Our success on the functionalization of C-H bonds in complex molecules with boranes and silanes has led us to develop additional classes of C-H bond functionalizations. For example, we recently disclosed a combination of catalyst and reagent for the conversion of C-H bonds in natural products to the C-N bonds in alkyl azides. Reduction of the azide leads to natural product analogs containing amino groups, as well as related nitrogen-based functionality. We also discovered the direct coupling of arenes with allyl halides by a new mechanism in which the C-H bond of the arene is cleaved by a phosphine-ligated silver complex, rather than the palladium complex.

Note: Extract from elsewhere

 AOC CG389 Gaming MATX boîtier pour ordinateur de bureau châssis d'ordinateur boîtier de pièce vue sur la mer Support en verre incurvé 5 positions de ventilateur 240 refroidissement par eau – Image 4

The hydrofunctionalization of olefins is a long-standing goal for transition metal catalysis. We have discovered catalysts for the first additions of N-H and O-H bonds to unactivated alkenes and have discovered catalysts for the addition of amines and alcohols to vinylarenes and dienes. Most recently, we have disclosed systems for the addition of boranes to internal alkenes enantioselectively and systems for the first anti-Markovnikov hydroarylations of unactivated alkenes with high regioselectivity. The products of the asymmetric hydroborations lead to enantioenriched amines, alcohols and alkylarenes.
This work on alkene hydrofunctionalization rests upon two discoveries of new elementary reactions for organometallic complexes. We reported the oxidative addition of ammonia to form monomeric products with late transition-metal complexes and the insertions of ethylene and alpha-olefins into transition-metal amido and transition-metal alkoxo bonds.

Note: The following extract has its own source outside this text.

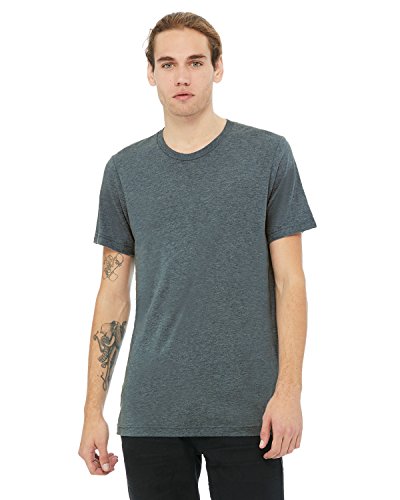 Image of Canvas Mens Triblend Crew Neck Plain Short Sleeve T-Shirt (S) (Denim Triblend)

See our publications on hydrofunctionalization of olefins.
Iridium-Catalyzed Allylic Substitution
We have developed an iridium catalyst that forms chiral allylic amines, ethers, and carbonyl compounds in high enantiomeric excess from terminal allylic esters. Detailed mechanistic studies have shown that the catalyst forms by cyclometalation at a methyl C-H bond of the ligand and this observation has allowed the design of simplified, as well as improved catalysts. The scope of the reaction encompasses a wide range of nucleophiles. Current studies are focused on expanding the scope of allylic electrophiles and on approaches to control the diastereoselectivity of reactions that form C-C bonds from enolates.

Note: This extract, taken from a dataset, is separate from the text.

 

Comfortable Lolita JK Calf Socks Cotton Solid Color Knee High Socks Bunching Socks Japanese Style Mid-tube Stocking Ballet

See our publications on iridium-catalyzed allylic substitution.
New Classes of Cross Coupling
We developed a palladium-catalyzed process that forms arylamines, aryl sulfides, and arylethers. This reaction has become one of the most widely practiced reactions by medicinal chemists. The catalytic chemistry resulted from our detailed mechanistic experiments on transition metal amide, alkoxo and thiolato complexes. One catalyst we developed leads to the formation of arylamines and aryl sulfides with turnover numbers exceeding 10,000 in many cases and ppm levels of palladium in others. This catalyst also coupled aryl halides with ammonia for the first time to form primary arylamines without any protecting or blocking groups. Another class of catalyst we developed recently contains nickel in place of palladium. This catalyst is the first nickel-based catalyst to couple primary amines with a range of aryl halides. Yet another system based on palladium catalyzes the first thermal coupling of alkyl halides, instead of aryl halides, with a nitrogen nucleophile to form alkyl-nitrogen bonds. These reactions occur preferentially with secondary and tertiary alkyl halides that undergo elimination, rather than substitution, in the absence of the catalyst.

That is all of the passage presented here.